Что же говорит нам это сопоставление? Совершенно ведь ясно, что представить себе два этих древа, европейское и патерналистское, выросшими из одного корня и впрямь невозможно. Поневоле приходится нам вернуться к тому, с чего начинали мы этот разговор. Ибо объяснить их сосуществование в одной стране мыслимо лишь при одном условии. А именно, если допустить, что у России не одна, а две, одинаково древние и легитимные политические традиции.

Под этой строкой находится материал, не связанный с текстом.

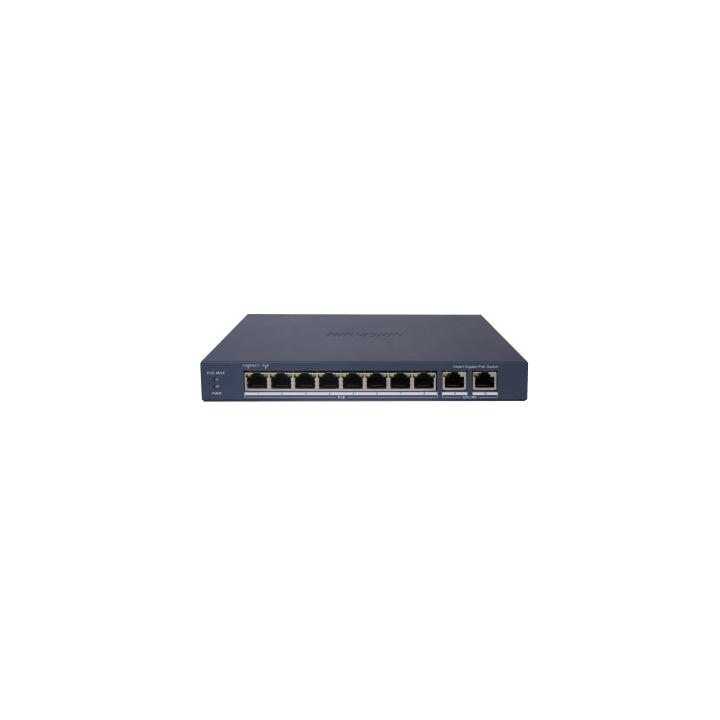 Switch Gigabit PoE+ / Administrable / 8 Puertos Gigabit PoE+ / 2 Puertos Gigabit / Configuración Nube Hik-Partner Pro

Европейская (с её гарантиями от произвола, с конституционными ограничениями власти, с политической терпимостью и отрицанием государственного патернализма). И патерналистская (с её провозглашением исключительности России, с государственной идеологией, с мечтой о сверхдержавности и о "мессианском величии и призвании").
ПРОИСХОЖДЕНИЕ "МАЯТНИКА"
Рецензент упрекнул меня однажды, что я лишь нанизываю одну на другую смысловые ассоциации вместо того, чтобы дать точное определение этих традиций. Я, правда, дал уже такое определение в самом начале этого Введения. Но повторю: европейская традиция России делает её способной к политической модернизации, патерналистская делает такую модернизацию невозможной. Из этой немыслимой коллизии и происходит грозный российский "маятник", один из всесокрушающих взмахов которого вызвал у Максимилиана Волошина образ крушения мира (помните, "С Россией кончено")? Если подумать, однако, то иначе ведь и быть не могло. Каждый раз, когда после десятилетий созревания модернизации получала, казалось, она шанс стать необратимой, её вдруг с громом обрушивала патерналистская реакция. Не имело при этом значения, под какой идеологической личиной это происходило - торжества Третьего Рима или Третьего Интернационала. Суть дела оставалась неизменной: возвращался произвол власти - и предстояло отныне стране жить "по понятиям" её новых хозяев.